Prompt: Each entry that follows should be written again verbatim.

Given entries:
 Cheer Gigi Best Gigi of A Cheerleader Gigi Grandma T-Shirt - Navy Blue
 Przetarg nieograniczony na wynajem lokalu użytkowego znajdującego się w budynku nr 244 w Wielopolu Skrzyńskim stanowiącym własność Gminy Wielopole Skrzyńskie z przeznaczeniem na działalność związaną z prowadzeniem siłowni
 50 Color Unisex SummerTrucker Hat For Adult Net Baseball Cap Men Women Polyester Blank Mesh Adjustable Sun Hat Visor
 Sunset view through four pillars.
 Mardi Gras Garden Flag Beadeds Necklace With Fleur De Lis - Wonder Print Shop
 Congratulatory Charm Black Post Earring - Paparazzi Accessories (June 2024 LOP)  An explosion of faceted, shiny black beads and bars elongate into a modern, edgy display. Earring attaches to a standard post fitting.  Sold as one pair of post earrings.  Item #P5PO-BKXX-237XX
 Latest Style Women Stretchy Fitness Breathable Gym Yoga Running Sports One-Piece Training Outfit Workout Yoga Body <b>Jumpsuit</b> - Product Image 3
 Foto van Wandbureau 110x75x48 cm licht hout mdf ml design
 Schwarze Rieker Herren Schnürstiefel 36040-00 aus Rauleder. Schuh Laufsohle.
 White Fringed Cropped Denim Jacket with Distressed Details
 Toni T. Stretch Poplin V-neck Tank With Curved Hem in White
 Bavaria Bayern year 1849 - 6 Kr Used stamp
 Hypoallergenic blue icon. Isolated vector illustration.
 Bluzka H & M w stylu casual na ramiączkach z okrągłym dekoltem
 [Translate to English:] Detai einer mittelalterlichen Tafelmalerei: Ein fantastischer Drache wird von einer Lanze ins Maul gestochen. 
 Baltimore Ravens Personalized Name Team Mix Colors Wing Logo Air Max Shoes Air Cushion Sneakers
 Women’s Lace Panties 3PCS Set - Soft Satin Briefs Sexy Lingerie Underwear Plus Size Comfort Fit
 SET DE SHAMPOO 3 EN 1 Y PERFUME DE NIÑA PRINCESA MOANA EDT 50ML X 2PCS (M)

Task solution:
 Cheer Gigi Best Gigi of A Cheerleader Gigi Grandma T-Shirt - Navy Blue
 Przetarg nieograniczony na wynajem lokalu użytkowego znajdującego się w budynku nr 244 w Wielopolu Skrzyńskim stanowiącym własność Gminy Wielopole Skrzyńskie z przeznaczeniem na działalność związaną z prowadzeniem siłowni
 50 Color Unisex SummerTrucker Hat For Adult Net Baseball Cap Men Women Polyester Blank Mesh Adjustable Sun Hat Visor
 Sunset view through four pillars.
 Mardi Gras Garden Flag Beadeds Necklace With Fleur De Lis - Wonder Print Shop
 Congratulatory Charm Black Post Earring - Paparazzi Accessories (June 2024 LOP)  An explosion of faceted, shiny black beads and bars elongate into a modern, edgy display. Earring attaches to a standard post fitting.  Sold as one pair of post earrings.  Item #P5PO-BKXX-237XX
 Latest Style Women Stretchy Fitness Breathable Gym Yoga Running Sports One-Piece Training Outfit Workout Yoga Body <b>Jumpsuit</b> - Product Image 3
 Foto van Wandbureau 110x75x48 cm licht hout mdf ml design
 Schwarze Rieker Herren Schnürstiefel 36040-00 aus Rauleder. Schuh Laufsohle.
 White Fringed Cropped Denim Jacket with Distressed Details
 Toni T. Stretch Poplin V-neck Tank With Curved Hem in White
 Bavaria Bayern year 1849 - 6 Kr Used stamp
 Hypoallergenic blue icon. Isolated vector illustration.
 Bluzka H & M w stylu casual na ramiączkach z okrągłym dekoltem
 [Translate to English:] Detai einer mittelalterlichen Tafelmalerei: Ein fantastischer Drache wird von einer Lanze ins Maul gestochen. 
 Baltimore Ravens Personalized Name Team Mix Colors Wing Logo Air Max Shoes Air Cushion Sneakers
 Women’s Lace Panties 3PCS Set - Soft Satin Briefs Sexy Lingerie Underwear Plus Size Comfort Fit
 SET DE SHAMPOO 3 EN 1 Y PERFUME DE NIÑA PRINCESA MOANA EDT 50ML X 2PCS (M)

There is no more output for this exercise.